Monday, August 18, 2014

The Double (2013)




With "The Double," English writer/director and sometimes-comedian Richard Ayoade establishes himself as more than just the Wes Anderson acolyte we first met with his quirky 2010 directorial debut feature "Submarine."
Set somewhere outside of time, "The Double," which premiered at the Toronto Film Festival and just screened at Mexico's Riviera Maya Film Festival, stars Jesse Eisenberg as Simon James, a joyless, virtually invisible data clerk whose life is but an endless chain of hours, shuttling back and forth between a dead-end desk job, where he's mostly ignored, and his spartan apartment in a cluttered industrial tenement. His coworkers regard him as "a bit of a nonperson," but something like life sparks within him when he spies Hannah (Mia Wasikowska), on his morning commute -- and again at night, from the handy vantage point of his window via telescope.

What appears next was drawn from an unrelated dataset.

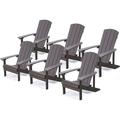 Royalcraft Adirondack Chairs Set of 6 Outdoor Weather Resistant Plastic Fire Pit Chairs 350 LBS Patio Adirondack Chair for Easy Assembly Brown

A Kafkaesque rigamarole of petty bureaucracy and life's little obstacles set the tone for this eerie dark comedy: Simon can't get into his own building because the security guard doesn't recognize him, he's thrown out of an office party because rumor has it he doesn't even work there, and his own shrewish mother is off her rocker in a depressing nursing home. Gliding over all is a shadowy figure known as The Colonel, whose Orwellian PSAs remind the world, "There's no such thing as special people. Just people."
But things get even weirder when the new guy in the office is a man called James Simon, the mirror inverse of Simon's name and also his spitting likeness. Simon's doppelganger even wears the same drab, oversized suit, but what's worse is that James is far more charming and charismatic. He starts taking credit for Simon's work -- and whatever it is that he does, no one seems to know -- kissing the ass of his moody toad of a boss (Wallace Shawn) and even, oh the horror, making advances on Hannah, a lonesome waif desperate for a human touch. From anyone but Simon, that is, who she regards as "creepy" and a "snake."
The endless loop of coincidences and misunderstandings mount, as Simon and James try to one-up each other through one stunning set piece after the next. The visual tone of "The Double" is a little art deco, a little steampunk, a lot of noir, but also its own strange animal. I thought of Orson Welles' Kafka adaptation "The Trial," in which Anthony Perkins runs in place as the world around relentlessly persecutes him without explanation. And like that film, "The Double" also grounds its noirish premise of stolen identity in a spooky industrial landscape of malevolent smokestacks, creaking pipes, leaky faucets and rows of archaic machinery that produce endless reels of photocopies.
This isn't the first time an emerging punk auteur has adapted Fyodor Dostoevsky's little-read novella "The Double." In 1968, just before his breakout "The Conformist," Bernardo Bertolucci tackled this surreal tale about a lowly office worker's psychotic break in "Partner," starring the pretty French actor Pierre Clementi -- who actually looks quite like Eisenberg, whose terrific performance balances the easily frustrated neurosis of Simon with the smooth debonair of the smarmy James.
"The Double" also shares DNA with Denis Villeneuve's "Enemy." Coincidentally, that film also premiered at TIFF and with two doppelgänger thrillers at the fest, they may have cancelled each other out buzz-wise. While both deal in doubles and woman-troubles, Ayoade's singular vision more prominently brings to mind Gilliam's "Brazil," with its themes of dilapidated identity, and the bleakly gorgeous, almost handmade quality to the artful production design.
A tour de force of editing, lensed in vivid chiaroscuro by Erik Wilson -- and not to mention featuring a killer chamber score by Andrew Hewitt -- "The Double" is a cinematic swoon, certainly one of the most imaginative and riveting head trips to come along in some time.